What we know of today as the music video started out in the ‘60s as the ‘Promo Film’ or “Promotional Video.” These were essentially short films made to advertise a band’s new single, usually to replace an in-person appearance on a TV show or, in The Beatles’ case, to make up for concerts in general. This helped to give bands the freedom to grow in the studio without having to worry about replicating their sound on the stage.
Stylistically, many of these videos started as pre-filmed mimed performances to mimic a live show, which was already the standard practice for many pop music-oriented TV programs. Yet, as time went on and rock music became more complex and creative, so did the promo videos.
Spearheaded by The Beatles with their 1966 videos for “Paperback Writer,” “Rain,” and then “Strawberry Fields Forever” and “Penny Lane” in 1967, promotional films were becoming more like short art films, more in line with the musical sequences from The Beatles’ own A Hard Days Night and Help! and the “Subterranean Homesick Blues” segment from the beginning of Bob Dylan’s Don’t Look Backdocumentary, where choreography and music takes over while reality takes a step back.
Let’s explore the world of the promo video by taking a look at some of my personal favorite clips, ranging mainly from the late ‘60s and early ‘70s.
Since the movement started at large with The Beatles, let’s begin here…
The Beatles – Paperback Writer, Strawberry Fields Forever and Something
As previously mentioned, The Beatles finished their touring days in 1966 and chose to instead focus on recording complex albums.

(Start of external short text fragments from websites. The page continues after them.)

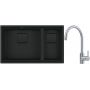 Franke Kanon KNG 160-46-21 zlewozmywak granitowy 76x46 cm czarny mat z baterią kuchenną Eos Neo stal szlachetna (1250721162, 1150590044) zdj.1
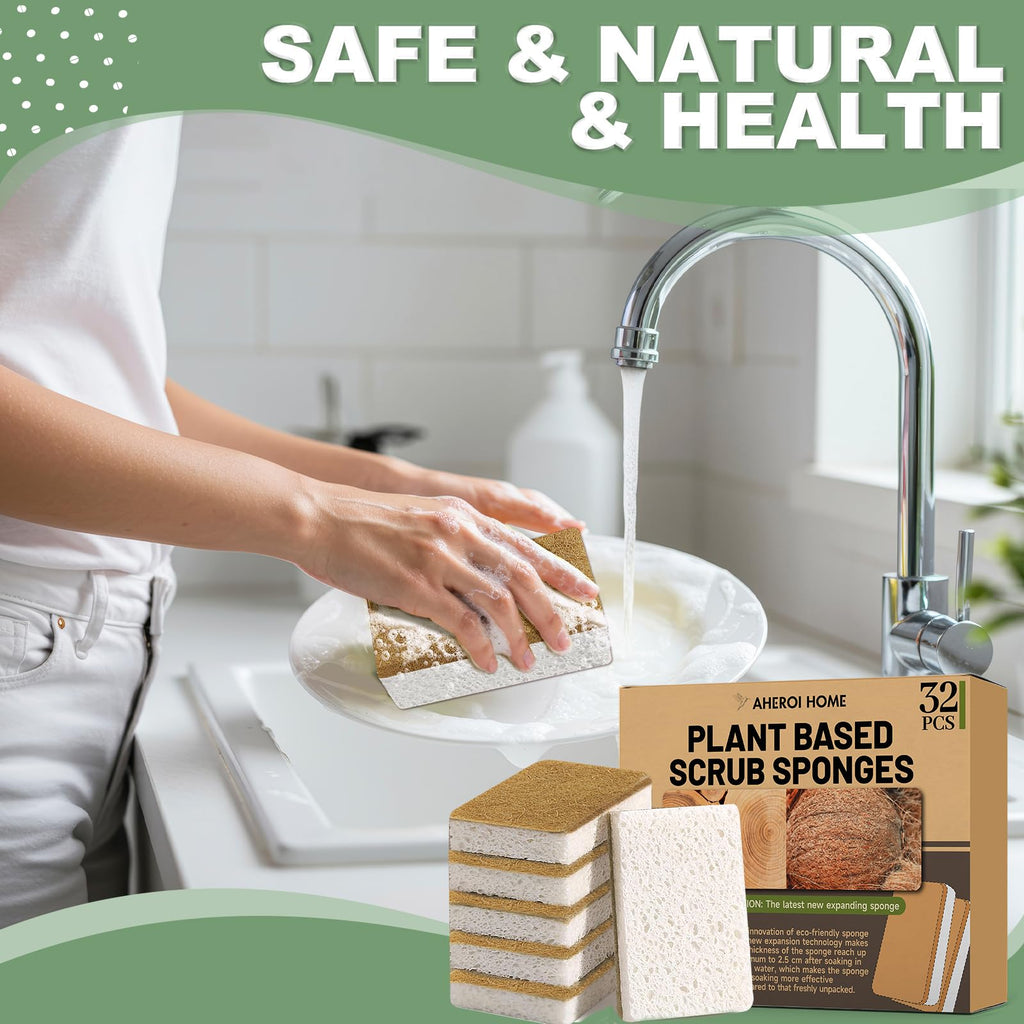 Aheroi Natural Dish Sponge, 32 Count FSC Certified Plant-Based Biodegradable Compostable Kitchen Sponges for Dishes Bulk, Organic Eco Friendly Cleaning Sponge for Bathroom, Household, Non Scratch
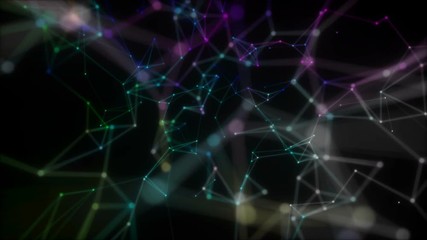 Poster - Random color communication.Abstract futuristic electronic circuit board with neural network and big data - an element of artificial intelligence, matrix background with digits, seamless loop.
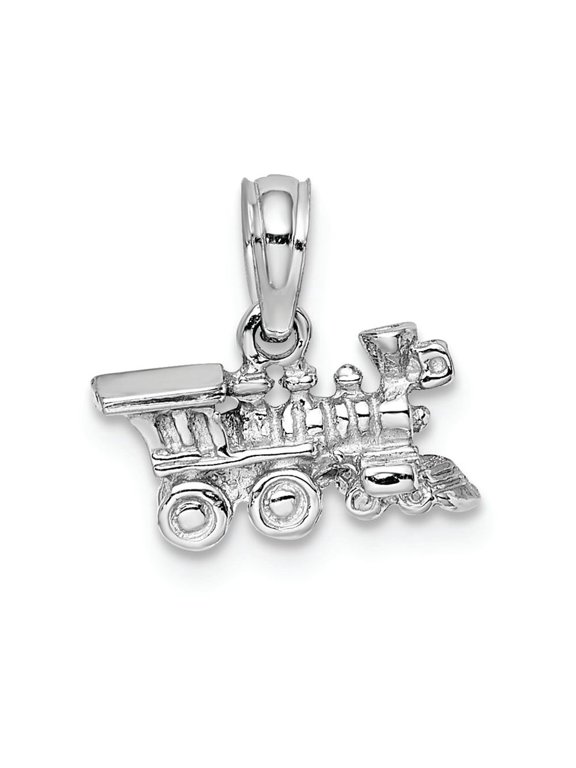 FJC Finejewelers 14k White Gold White 3d Miniature Train Charm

So to help promote these records, they filmed promotional videos that could make an appearance in the place of the band on national TV.
Starting with “Paperback Writer” and “Rain” (although mimed performances of the band on a TV stage in addition to a rare animated short film for “Day Tripper” appeared even earlier) the band continued to support new singles in this way until their breakup in 1970.
Each film perfectly captured the band’s current phase, from the initial abandonment of the teeny-bopper mop-top image in ’66 with the warmly stoned “Rain,” to the ambitious psychedelic surrealism of ’67 with “Strawberry Fields Forever” and “A Day in The Life” to the grown-up yet fractured days of late ’68-’70 with “The Ballad of John and Yoko” and “Something.” Thankfully, you can get all of these videos (and then some) on the 1+ set that came out a few years back.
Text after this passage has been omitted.